It’s Sunday morning and I’ve woken up with that dreadful feeling in the back of my mind. Tomorrow is Monday – POST DAY – and I have nothing planned to offer you. Normally by Friday evening I’m settling in to the weekend knowing that the week ahead is going to be a breeze but not this weekend.
This weekend, I’ve worked all weekend (and I’m still not done) and I’ve just heard there is load-shedding tonight. We mustn’t be grumpy though must we? But I am a little grumpy today.
I’m hormonal and hardly getting any sleep. My tummy has grown too large to allow me a good night’s rest. I have one of those full body pillows but by the time I wake up in the morning I’m drowning in pillow. Last night I used a blanket folded into a wedge and propped my stomach up to ease the pressure on my back. Sleep on your side they tell you. Not your right side, your left side. I can’t remember the last night I slept through at all.
Being pregnant is taxing on your body. You’re growing and changing and stretching and complaining. I complain a lot. In fact, I would NOT want to be around me right now. I’m one of those grumpy women you read about. The ones who haven’t slept in months (seven to be exact but who’s counting) and are impossible to please. No this isn’t the cake I wanted – I wanted the OTHER one!!! Sigh
No pregnancy has not been a walk in the park for me. I miss sleeping. I miss being able to sit at my desk and get work done instead of thinking about the fact that I can’t get myself close enough to the desk or in any comfortable position. I can’t sit on the couch either anymore because it puts too much strain on my back and oh hell no don’t ask me to take a long car ride because I just need to pee every three seconds (right now you’re probably wondering how I got to my bladder issues? Yeah well keep up #PregnancyBrain).

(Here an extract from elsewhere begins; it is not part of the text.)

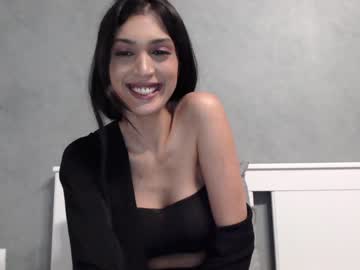 girl cam all day persian_baddie image #4171421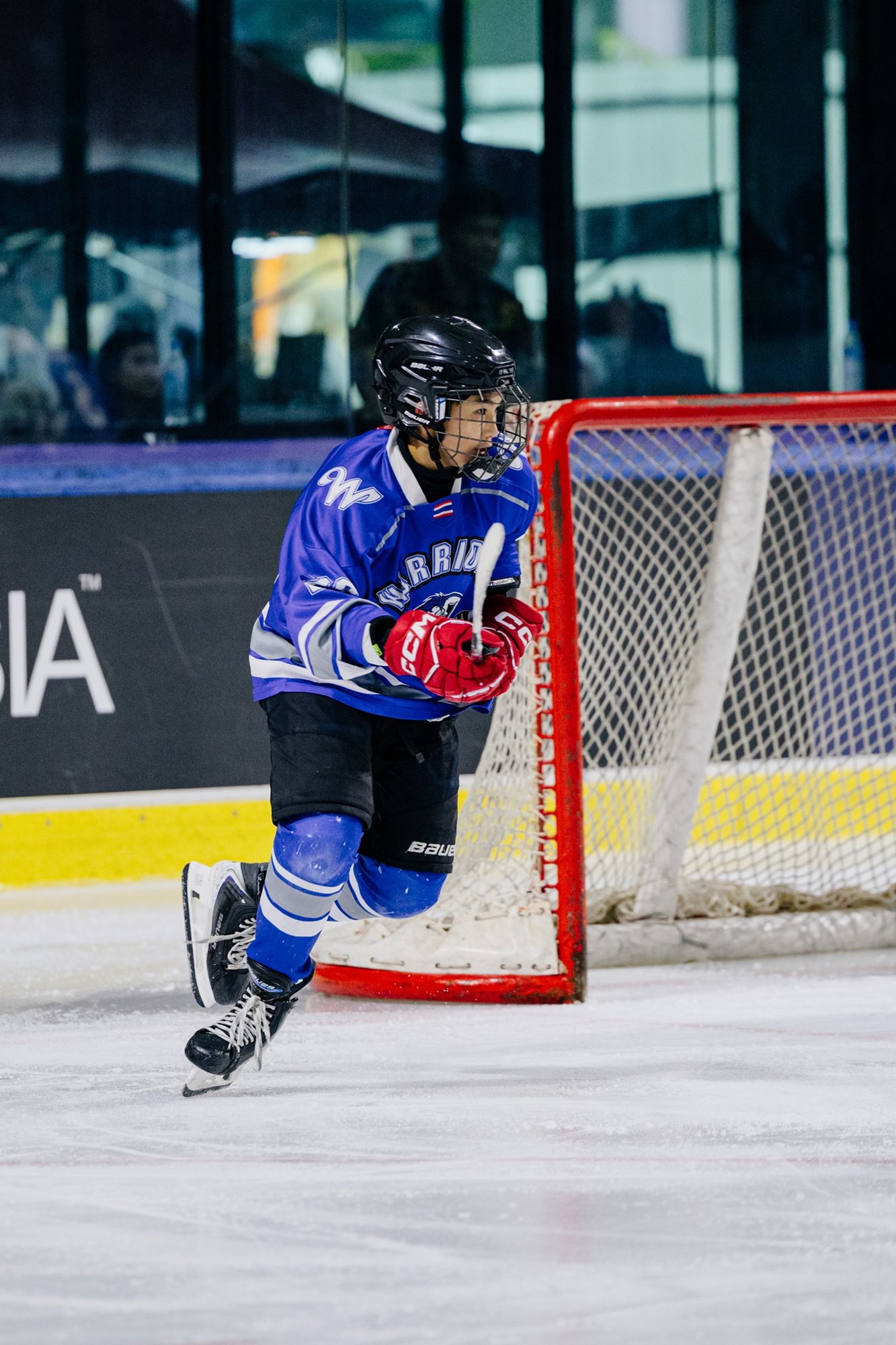 628313586_872017815600984_4958706017897523362_n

I guess the point I’m trying to make – while making none at all – is that this week has been hard. So I offer you this. This little piece of self-pity. This little rant about the length of the week behind me and the tonne of work I’ve had to do this weekend.
The good news is, it’s Sunday. The end of this week and next week will have a whole host of trouble of its own but we can cross that bridge when we get there.
For now, I’m refusing to get out of bed and just focusing on how close a new week is when I can start over.
Ahhh the silver lining…
…maybe Monday isn’t so bad after all.